Words of “Welcome”

As I was recently working on a new writing project, I found myself struggling to talk about welcoming children into churches. The word “welcome” didn’t seem right, even though I’ve used that word in other writings, like Children’s Ministry that Fits.

So here’s what went on in my head and here’s a preview of part of the project:

In the past, I’ve written about the importance of welcoming children into congregations. However, as my thinking has evolved, welcome seems like a problematic word to convey my hopes and wishes for children and the church. Hosts welcome guests. Citizens welcome visitors. Families welcome strangers. Welcome speaks of an insider doing the welcoming and an outsider being welcomed. But in faith communities, shouldn’t children already be seen as members rather than strangers? These young ones that Jesus holds up as exemplary members of God’s reign are certainly not guests, visitors, or strangers in the kingdom of God. So who are we to treat them as outsiders to our faith communities? (Maybe they’re the ones who should be extending their hands and welcoming us into the kingdom.)
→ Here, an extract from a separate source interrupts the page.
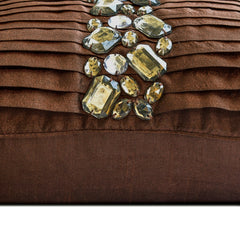 Brown Crystals - Brown Art Silk Throw Pillow Cover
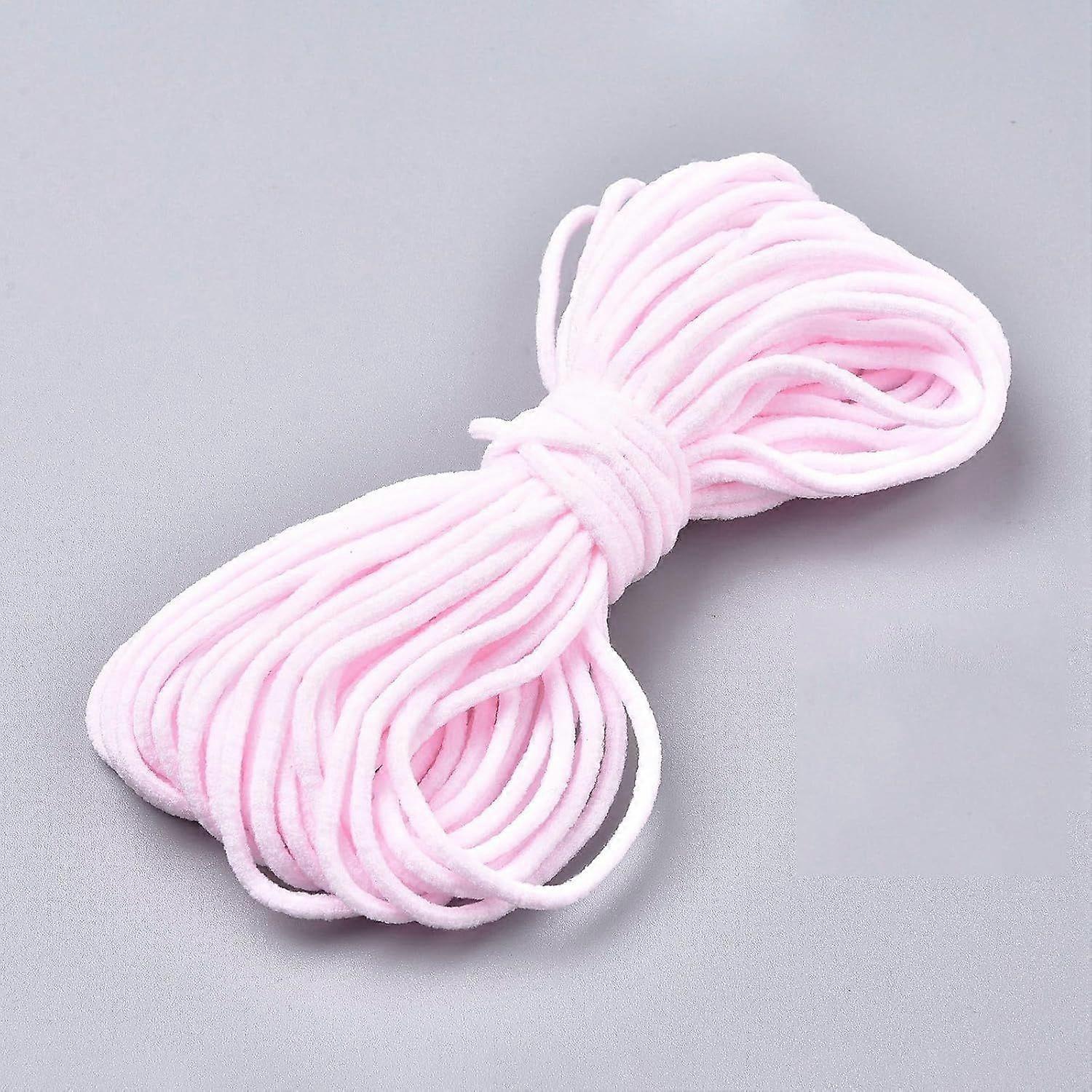 5 Bundles Nylon Elastic for Mouth Cover Ear Loop Pink 2-3mm 10 Yards per Bundle Flat Mouth Cover Elastic Cord Face Material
So what is a more appropriate word? Invite? Embrace? Include? Each of these words fails to fully hold children as full community members. Each word assumes an active and a passive role. Someone actively invites, embraces, or includes while another passively is invited, is embraced, or is included. Maybe participate is a better word. Or engage. Or share. Or belong. These verbs don’t automatically place someone in the dominant active role and another in a submissive passive role. Many people can participate, engage, and share together. They can belong to one another. These words speak of human beings, of people who actively are and do together. And they move us toward views of children and adults being church together.